#### [Required work]
Should a line below contain the word "Small", report it.

· · · ·

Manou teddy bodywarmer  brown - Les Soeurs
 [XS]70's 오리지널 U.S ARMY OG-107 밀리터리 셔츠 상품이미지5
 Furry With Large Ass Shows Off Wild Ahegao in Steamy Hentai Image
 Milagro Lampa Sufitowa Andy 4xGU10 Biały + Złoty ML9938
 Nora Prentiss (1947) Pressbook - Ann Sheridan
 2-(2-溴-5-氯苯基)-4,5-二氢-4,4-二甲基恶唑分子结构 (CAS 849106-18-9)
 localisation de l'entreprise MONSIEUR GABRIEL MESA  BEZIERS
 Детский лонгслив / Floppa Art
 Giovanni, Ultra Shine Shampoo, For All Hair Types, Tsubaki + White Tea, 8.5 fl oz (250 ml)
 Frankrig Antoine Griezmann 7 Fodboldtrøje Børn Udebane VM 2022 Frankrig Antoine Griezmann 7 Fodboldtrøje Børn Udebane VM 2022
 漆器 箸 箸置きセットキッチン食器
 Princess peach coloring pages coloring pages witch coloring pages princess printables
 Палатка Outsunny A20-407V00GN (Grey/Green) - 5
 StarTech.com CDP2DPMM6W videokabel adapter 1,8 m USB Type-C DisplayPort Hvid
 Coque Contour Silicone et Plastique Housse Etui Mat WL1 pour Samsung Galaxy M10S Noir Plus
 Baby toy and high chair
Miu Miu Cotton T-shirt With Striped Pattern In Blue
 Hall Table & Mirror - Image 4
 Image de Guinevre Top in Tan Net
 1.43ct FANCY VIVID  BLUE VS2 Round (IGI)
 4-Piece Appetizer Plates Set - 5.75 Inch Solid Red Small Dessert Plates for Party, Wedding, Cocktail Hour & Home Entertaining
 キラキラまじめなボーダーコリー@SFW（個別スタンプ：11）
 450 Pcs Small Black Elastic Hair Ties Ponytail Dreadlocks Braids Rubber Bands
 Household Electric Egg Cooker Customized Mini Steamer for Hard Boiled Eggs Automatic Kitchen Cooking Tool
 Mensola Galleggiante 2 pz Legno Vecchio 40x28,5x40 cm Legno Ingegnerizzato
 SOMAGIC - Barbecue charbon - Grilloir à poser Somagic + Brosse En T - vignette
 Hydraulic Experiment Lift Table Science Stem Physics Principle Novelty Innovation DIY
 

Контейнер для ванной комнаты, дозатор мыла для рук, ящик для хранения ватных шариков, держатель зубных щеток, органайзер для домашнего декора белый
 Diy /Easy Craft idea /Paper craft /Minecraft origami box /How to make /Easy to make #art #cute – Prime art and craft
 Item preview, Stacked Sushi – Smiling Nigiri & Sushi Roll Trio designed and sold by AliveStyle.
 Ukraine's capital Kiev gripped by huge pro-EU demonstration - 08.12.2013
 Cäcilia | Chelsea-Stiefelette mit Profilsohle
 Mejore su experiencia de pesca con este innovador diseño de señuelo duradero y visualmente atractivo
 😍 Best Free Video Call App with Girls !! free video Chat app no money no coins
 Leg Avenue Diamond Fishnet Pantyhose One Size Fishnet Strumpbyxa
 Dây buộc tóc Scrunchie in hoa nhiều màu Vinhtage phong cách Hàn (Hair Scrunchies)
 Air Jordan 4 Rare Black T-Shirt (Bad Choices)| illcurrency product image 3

· · · ·

#### [Task response]
 4-Piece Appetizer Plates Set - 5.75 Inch Solid Red Small Dessert Plates for Party, Wedding, Cocktail Hour & Home Entertaining
 450 Pcs Small Black Elastic Hair Ties Ponytail Dreadlocks Braids Rubber Bands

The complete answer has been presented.